# Transportation blocks?



## AlexA (Mar 5, 2011)

Hi,

Ever since picking up my mk3 back in February the one thing that's been nagging me is how high the car sits compared to the mk2 even with the lowered S-Line suspension. After reading about dealers not removing transportation blocks I checked my car this evening and this is how the rear looked. Does anyone know whether the purple plastic thing is supposed to be there or if it is indeed a block/puck?









Thanks!

Alex


----------



## brittan (May 18, 2007)

They look like transport blocks to me. My RS does not have them.

No similar item shown in the parts list. On mine the orange rubber bump stop fits into the aluminium top mount.


----------



## AlexA (Mar 5, 2011)

brittan said:


> They look like transport blocks to me. My RS does not have them.
> 
> No similar item shown in the parts list. On mine the orange rubber bump stop fits into the aluminium top mount.


That's good to know, thanks! The car is going in to a dealer on Friday for an oil change so I'll probably ask them to look at this as well.


----------



## powerplay (Feb 8, 2008)

Whatever happened to the PDI checklist?!


----------



## ZephyR2 (Feb 20, 2013)

powerplay said:


> Whatever happened to the PDI checklist?!


I suppose you believe in fairies as well.


----------



## Toshiba (Jul 8, 2004)

So generally you have two items used for transport, ones a clip that going over the springs (normally used in pairs), the other is a lilac/blue collar that has a gap in it to go over the shocks strut..


----------



## phazer (Apr 2, 2018)

This is why I asked about a photo in the show us your mk3 thread where a car looked to be sitting very high.... when the Golf mk7 was first delivered in 2013, loads were having the blocks left in.
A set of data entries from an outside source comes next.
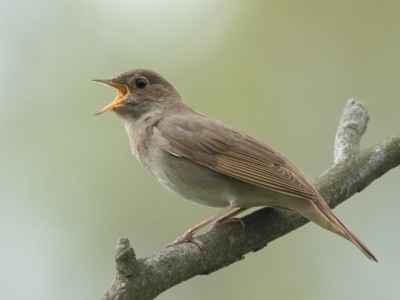 Жанна Бичевская  "Ах,как птицы поют"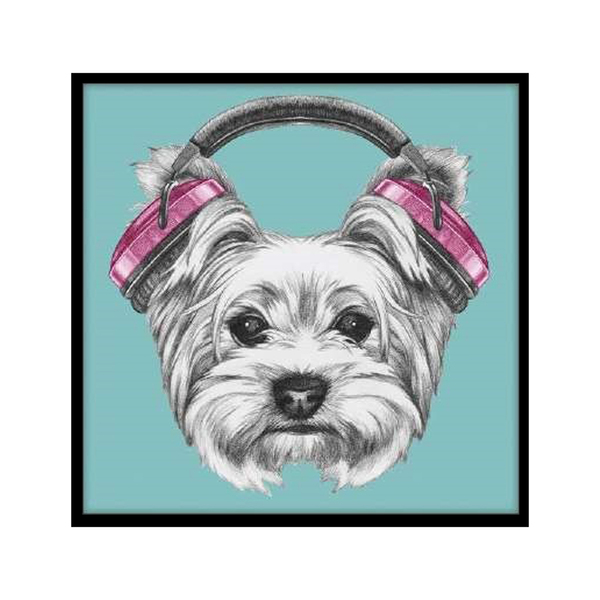 Quadro Barcelona Headphone Dog Azul 30x30cm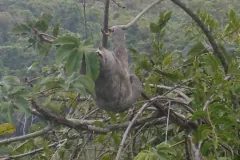 Three-toed sloth hanging from a leafy branch on a forested hillside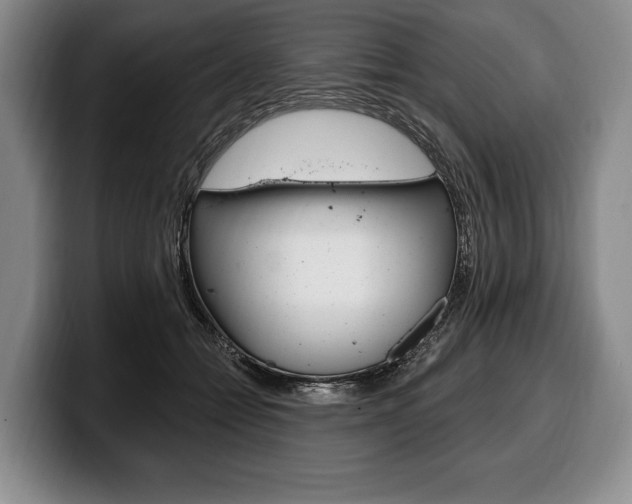 X0000100330558200806051206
VW issued a note to dealers about it - still happening all these years later.

That it's happening with Audi is no great surprise. Trouble is, if they're in too long they will screw the top mounts.


----------



## AlexA (Mar 5, 2011)

I spoke to the dealer today and they will have a look at it on Friday when the car's in.


----------



## AlexA (Mar 5, 2011)

The car was in today and the transport blocks were removed. The ride is much better now that I've actually got a (working) rear suspension. The service advisor also told me he had had the same thing happen with his own TT..


----------



## Hoggy (May 8, 2002)

AlexA said:


> The service advisor also told me he had had the same thing happen with his own TT..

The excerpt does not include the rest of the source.